It’s no longer free as of Tuesday to get a quick COVID-19 test at the Tromsø airport for those needing the newly mandated negative test to travel to Svalbard, but the fee of 550 kroner being charged by the city is a far better bargain than the 1,300 being charged at Gardermoen Airport in Oslo (and up to 3,000 kroner elsewhere in the city).
Alas, the city-provided tests are only being offered at the airport through Sunday.
The new requirement of a test within 24 hours of travelling to Svalbard announced last Friday by Norway’s government touched off a wave of confusion and anger, with how and where to obtain tests quickly being among the foremost concerns.
The luckiest travellers discovered the free tests at the Tromsø airport and quickly spread the word via social media and other means.
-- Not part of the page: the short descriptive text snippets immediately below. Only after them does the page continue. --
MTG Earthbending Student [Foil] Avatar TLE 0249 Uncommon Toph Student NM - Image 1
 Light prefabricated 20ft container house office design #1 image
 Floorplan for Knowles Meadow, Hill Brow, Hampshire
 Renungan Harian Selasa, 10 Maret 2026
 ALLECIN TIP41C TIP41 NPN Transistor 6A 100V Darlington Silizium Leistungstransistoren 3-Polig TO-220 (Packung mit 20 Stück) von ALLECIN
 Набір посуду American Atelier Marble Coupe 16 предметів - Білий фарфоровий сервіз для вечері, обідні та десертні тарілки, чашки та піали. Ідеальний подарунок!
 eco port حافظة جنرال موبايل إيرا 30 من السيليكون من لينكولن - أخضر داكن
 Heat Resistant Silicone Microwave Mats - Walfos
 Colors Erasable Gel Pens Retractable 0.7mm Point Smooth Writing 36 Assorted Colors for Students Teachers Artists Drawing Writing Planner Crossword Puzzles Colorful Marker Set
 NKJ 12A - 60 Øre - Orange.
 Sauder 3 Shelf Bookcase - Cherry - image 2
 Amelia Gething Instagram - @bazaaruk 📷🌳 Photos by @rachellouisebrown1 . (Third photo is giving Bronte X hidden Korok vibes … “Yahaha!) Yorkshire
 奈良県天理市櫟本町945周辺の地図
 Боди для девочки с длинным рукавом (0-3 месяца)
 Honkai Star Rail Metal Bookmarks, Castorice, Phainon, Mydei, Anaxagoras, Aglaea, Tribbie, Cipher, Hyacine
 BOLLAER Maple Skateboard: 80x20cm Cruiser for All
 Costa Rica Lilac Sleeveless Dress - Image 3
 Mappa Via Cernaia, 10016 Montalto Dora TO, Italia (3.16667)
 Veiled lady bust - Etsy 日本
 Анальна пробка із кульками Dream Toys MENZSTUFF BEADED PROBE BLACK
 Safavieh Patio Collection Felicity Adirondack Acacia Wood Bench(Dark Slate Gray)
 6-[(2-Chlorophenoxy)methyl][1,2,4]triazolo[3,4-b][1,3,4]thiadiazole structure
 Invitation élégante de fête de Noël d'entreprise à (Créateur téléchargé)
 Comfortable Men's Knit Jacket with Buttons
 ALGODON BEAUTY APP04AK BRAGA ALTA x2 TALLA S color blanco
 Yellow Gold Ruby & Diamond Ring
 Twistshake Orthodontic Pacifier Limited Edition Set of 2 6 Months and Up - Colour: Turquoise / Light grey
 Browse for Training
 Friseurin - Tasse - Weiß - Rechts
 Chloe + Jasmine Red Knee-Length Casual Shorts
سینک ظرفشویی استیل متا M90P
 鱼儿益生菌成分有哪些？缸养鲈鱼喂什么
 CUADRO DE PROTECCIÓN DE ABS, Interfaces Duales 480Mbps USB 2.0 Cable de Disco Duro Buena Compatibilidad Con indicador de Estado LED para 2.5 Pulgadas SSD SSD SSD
But the city of Tromsø issued a press release Monday stating implementing a fee was necessary due to the costs the city incurs administering the tests.
“The municipality is not obliged to provide a test offer at the airport, but wants to offer voluntary testing for travellers who arrive with the Oslo planes to Tromsø,” Øivind Benjaminsen, head of the management team at the city’s COVID-19 enter, said in a prepared statement. “Thus, we can also offer quick testing for travellers going to Svalbard as long as they are at the airport around or before the Oslo planes’ arrival time.”
Travellers will be responsible for arranging their own tests after this coming Sunday, according to the city. Also, according to Benjaminsen, the quick tests being used are not quite as reliable as standard PCR tests and are not being used for travellers who need a negative virus test to enter Norway. (For someone coming from an outside country to Svalbard, the person must have a negative test to enter Norway, quarantine on the mainland for 10 days and then obtain a second negative test to enter Svalbard.)
Numerous residents in Svalbard and elsewhere are complaining about being charged fees for a mandated test which in many cases is so people can return home or to jobs. Adding to that aggravation is the inconsistency in fees, with many calling the 1,300 kroner fee at the airport in Oslo (to say nothing of the higher quick-test fees elsewhere) excessive.
But Per Brochmann, destination director for Hurtigruten Svalbard, told NRK the fee being imposed in Tromsø is better than alternatives such as a quarantine period in Svalbard – or an outright travel ban as happened last year at the outset of the pandemic.
“We think it is positive that they doing this rather than closure and quarantine,” he said. “Of three painful options this was the best. As of today we have no infections up here and our experience that the guests think it is a positive.”